------ MATERIAL FOR THE TASK
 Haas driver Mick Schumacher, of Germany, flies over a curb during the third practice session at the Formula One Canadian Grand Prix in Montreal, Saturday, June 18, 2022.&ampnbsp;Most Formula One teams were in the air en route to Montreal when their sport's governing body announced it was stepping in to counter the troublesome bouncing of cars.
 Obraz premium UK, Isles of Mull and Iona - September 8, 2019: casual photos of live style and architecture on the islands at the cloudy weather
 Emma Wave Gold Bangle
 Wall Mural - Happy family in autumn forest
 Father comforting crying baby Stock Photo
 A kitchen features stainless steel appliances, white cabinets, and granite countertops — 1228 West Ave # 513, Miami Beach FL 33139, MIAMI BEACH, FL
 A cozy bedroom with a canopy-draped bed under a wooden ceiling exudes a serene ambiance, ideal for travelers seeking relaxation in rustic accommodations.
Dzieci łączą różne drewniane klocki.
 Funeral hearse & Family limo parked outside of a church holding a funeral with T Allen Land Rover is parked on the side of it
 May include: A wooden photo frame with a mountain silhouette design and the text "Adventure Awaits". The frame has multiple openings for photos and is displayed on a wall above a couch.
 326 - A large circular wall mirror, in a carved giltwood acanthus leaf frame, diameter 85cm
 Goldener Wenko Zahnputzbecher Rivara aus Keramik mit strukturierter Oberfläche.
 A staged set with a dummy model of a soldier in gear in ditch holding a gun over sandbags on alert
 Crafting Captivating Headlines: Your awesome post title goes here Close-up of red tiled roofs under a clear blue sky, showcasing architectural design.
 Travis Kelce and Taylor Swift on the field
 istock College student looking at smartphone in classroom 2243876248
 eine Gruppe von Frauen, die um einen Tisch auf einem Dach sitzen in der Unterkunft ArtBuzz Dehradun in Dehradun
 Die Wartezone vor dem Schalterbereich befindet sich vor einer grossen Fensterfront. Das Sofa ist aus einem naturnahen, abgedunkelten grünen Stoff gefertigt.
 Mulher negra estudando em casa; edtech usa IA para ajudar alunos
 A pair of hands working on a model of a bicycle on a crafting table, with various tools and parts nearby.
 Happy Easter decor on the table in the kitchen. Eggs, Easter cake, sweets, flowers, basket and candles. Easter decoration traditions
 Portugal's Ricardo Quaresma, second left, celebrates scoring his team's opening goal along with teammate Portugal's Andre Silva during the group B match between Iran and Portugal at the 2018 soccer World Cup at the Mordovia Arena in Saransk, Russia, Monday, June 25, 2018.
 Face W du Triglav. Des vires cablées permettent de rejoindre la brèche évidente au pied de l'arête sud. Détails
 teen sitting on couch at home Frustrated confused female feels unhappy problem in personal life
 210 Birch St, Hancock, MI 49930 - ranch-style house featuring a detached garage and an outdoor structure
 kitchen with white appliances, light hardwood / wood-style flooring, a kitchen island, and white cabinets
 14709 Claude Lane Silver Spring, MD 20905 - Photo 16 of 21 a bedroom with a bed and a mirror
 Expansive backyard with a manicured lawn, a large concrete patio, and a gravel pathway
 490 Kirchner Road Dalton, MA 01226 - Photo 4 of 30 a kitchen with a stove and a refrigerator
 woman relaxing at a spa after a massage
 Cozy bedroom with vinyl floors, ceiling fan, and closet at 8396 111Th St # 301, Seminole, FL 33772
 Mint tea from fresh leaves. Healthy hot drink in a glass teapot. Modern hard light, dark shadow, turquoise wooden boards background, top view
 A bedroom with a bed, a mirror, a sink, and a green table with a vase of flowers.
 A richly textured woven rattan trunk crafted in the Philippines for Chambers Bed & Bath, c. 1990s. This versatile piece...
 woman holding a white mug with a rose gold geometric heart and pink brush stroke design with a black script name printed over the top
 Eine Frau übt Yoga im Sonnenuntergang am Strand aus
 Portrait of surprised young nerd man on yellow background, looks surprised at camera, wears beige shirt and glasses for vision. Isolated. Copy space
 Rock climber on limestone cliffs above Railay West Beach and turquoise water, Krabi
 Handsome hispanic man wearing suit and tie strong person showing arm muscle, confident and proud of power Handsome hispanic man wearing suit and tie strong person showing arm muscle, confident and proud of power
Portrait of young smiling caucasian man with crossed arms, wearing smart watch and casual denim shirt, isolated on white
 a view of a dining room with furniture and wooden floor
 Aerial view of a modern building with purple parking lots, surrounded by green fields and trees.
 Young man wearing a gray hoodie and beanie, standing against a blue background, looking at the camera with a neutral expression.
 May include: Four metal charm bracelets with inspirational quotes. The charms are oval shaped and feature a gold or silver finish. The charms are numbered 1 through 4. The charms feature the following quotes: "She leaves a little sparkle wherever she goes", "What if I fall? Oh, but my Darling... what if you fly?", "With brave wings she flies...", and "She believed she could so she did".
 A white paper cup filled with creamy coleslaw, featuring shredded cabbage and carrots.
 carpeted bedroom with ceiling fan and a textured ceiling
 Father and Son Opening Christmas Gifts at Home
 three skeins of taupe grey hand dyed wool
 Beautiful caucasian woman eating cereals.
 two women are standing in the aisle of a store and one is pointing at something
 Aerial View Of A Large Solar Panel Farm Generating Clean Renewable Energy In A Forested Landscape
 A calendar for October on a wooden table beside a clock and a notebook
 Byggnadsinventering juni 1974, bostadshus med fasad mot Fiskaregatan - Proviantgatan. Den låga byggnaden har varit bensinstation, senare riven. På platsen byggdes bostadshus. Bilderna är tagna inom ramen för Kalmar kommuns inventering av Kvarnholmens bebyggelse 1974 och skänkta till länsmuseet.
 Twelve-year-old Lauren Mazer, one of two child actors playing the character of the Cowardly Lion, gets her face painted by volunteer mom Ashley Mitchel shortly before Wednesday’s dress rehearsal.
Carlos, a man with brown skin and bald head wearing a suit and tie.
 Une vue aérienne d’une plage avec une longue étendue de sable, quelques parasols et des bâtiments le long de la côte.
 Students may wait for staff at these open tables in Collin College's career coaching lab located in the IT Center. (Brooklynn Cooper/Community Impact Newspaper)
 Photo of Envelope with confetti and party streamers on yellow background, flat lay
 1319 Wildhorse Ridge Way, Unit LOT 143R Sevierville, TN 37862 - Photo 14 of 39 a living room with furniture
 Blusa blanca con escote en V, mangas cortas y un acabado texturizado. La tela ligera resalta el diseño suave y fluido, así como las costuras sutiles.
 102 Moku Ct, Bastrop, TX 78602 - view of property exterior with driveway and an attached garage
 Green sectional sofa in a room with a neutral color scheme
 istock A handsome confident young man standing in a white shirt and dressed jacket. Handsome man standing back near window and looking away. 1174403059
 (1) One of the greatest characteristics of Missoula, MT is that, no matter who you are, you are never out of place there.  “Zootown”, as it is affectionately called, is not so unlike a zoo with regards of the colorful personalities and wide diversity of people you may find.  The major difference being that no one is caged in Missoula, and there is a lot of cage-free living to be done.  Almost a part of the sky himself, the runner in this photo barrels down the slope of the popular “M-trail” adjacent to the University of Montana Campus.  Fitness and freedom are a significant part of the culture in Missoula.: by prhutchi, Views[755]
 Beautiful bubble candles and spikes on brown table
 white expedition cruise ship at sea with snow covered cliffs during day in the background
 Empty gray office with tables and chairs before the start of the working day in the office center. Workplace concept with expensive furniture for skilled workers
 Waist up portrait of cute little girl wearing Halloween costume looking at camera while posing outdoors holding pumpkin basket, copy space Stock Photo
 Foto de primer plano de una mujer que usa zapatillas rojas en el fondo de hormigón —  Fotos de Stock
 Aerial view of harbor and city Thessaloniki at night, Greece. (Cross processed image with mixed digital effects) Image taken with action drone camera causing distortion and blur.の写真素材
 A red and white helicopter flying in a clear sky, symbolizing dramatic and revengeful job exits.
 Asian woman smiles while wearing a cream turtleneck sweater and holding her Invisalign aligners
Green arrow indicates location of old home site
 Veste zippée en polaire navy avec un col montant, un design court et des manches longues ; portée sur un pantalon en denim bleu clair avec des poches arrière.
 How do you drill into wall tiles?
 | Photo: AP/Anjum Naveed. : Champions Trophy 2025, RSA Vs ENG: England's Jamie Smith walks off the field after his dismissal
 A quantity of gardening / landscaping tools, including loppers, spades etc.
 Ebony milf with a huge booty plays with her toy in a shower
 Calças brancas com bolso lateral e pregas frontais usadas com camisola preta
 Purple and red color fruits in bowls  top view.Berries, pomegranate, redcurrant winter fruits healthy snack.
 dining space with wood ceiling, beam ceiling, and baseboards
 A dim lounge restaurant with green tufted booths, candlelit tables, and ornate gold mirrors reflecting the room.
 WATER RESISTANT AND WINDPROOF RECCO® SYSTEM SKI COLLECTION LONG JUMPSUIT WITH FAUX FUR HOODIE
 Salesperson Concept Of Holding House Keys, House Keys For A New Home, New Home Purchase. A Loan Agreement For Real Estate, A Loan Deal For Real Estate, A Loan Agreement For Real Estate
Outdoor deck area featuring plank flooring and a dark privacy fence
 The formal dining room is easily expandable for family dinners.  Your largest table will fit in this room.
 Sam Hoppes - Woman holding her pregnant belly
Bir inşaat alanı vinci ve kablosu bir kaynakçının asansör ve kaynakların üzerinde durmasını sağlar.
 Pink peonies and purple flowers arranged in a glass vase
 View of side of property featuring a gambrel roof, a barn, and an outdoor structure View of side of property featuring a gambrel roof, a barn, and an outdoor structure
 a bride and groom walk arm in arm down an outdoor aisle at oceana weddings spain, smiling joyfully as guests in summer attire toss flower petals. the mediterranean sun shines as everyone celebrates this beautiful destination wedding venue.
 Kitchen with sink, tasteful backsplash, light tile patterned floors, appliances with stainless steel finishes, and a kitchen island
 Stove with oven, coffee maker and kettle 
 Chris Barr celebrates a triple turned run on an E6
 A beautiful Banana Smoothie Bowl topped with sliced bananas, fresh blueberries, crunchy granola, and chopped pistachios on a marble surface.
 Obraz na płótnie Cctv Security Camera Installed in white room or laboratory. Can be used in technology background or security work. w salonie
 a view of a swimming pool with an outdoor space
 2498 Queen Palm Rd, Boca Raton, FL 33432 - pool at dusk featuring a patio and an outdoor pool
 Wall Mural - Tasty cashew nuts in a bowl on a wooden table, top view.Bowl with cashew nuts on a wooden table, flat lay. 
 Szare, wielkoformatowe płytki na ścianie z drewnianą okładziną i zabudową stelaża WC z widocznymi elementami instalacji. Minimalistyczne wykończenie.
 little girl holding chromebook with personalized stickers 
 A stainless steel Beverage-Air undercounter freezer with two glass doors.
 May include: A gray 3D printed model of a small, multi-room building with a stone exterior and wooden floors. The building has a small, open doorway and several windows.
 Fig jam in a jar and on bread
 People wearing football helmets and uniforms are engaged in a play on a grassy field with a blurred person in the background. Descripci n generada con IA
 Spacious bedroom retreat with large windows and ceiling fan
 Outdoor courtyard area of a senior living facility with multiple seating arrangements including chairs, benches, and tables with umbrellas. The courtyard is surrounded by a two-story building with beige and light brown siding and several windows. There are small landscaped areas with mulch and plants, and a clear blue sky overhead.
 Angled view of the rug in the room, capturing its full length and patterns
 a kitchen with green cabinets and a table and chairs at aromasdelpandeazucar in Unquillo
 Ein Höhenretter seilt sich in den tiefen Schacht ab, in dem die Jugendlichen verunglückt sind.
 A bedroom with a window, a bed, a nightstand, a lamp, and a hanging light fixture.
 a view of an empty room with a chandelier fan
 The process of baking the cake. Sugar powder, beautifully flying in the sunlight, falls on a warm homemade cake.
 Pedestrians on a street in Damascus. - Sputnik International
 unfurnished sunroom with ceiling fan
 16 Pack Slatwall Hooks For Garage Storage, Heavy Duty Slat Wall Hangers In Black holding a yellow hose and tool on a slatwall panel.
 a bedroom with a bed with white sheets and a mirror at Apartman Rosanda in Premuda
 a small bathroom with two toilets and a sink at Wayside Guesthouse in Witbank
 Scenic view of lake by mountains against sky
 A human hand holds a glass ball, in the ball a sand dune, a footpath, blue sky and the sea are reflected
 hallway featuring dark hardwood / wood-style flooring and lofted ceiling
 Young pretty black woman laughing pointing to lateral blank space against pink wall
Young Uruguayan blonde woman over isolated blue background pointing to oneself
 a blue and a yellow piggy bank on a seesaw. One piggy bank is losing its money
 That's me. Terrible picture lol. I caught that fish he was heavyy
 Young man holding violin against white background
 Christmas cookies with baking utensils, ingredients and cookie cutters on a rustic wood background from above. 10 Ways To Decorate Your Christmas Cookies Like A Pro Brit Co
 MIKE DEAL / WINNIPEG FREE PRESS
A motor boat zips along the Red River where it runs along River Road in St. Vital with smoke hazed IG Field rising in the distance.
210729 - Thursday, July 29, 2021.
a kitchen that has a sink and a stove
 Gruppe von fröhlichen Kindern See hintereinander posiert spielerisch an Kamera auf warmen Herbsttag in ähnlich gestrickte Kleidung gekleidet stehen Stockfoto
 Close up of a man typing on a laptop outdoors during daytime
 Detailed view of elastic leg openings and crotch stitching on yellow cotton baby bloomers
------------
- [WORK REQUIRED]
Looking at the data above, return every line from the one with "a view of an" down to the one with "Young pretty black", exactly and inclusively.

- [TASK ANSWER]
 a view of an empty room with a chandelier fan
 The process of baking the cake. Sugar powder, beautifully flying in the sunlight, falls on a warm homemade cake.
 Pedestrians on a street in Damascus. - Sputnik International
 unfurnished sunroom with ceiling fan
 16 Pack Slatwall Hooks For Garage Storage, Heavy Duty Slat Wall Hangers In Black holding a yellow hose and tool on a slatwall panel.
 a bedroom with a bed with white sheets and a mirror at Apartman Rosanda in Premuda
 a small bathroom with two toilets and a sink at Wayside Guesthouse in Witbank
 Scenic view of lake by mountains against sky
 A human hand holds a glass ball, in the ball a sand dune, a footpath, blue sky and the sea are reflected
 hallway featuring dark hardwood / wood-style flooring and lofted ceiling
 Young pretty black woman laughing pointing to lateral blank space against pink wall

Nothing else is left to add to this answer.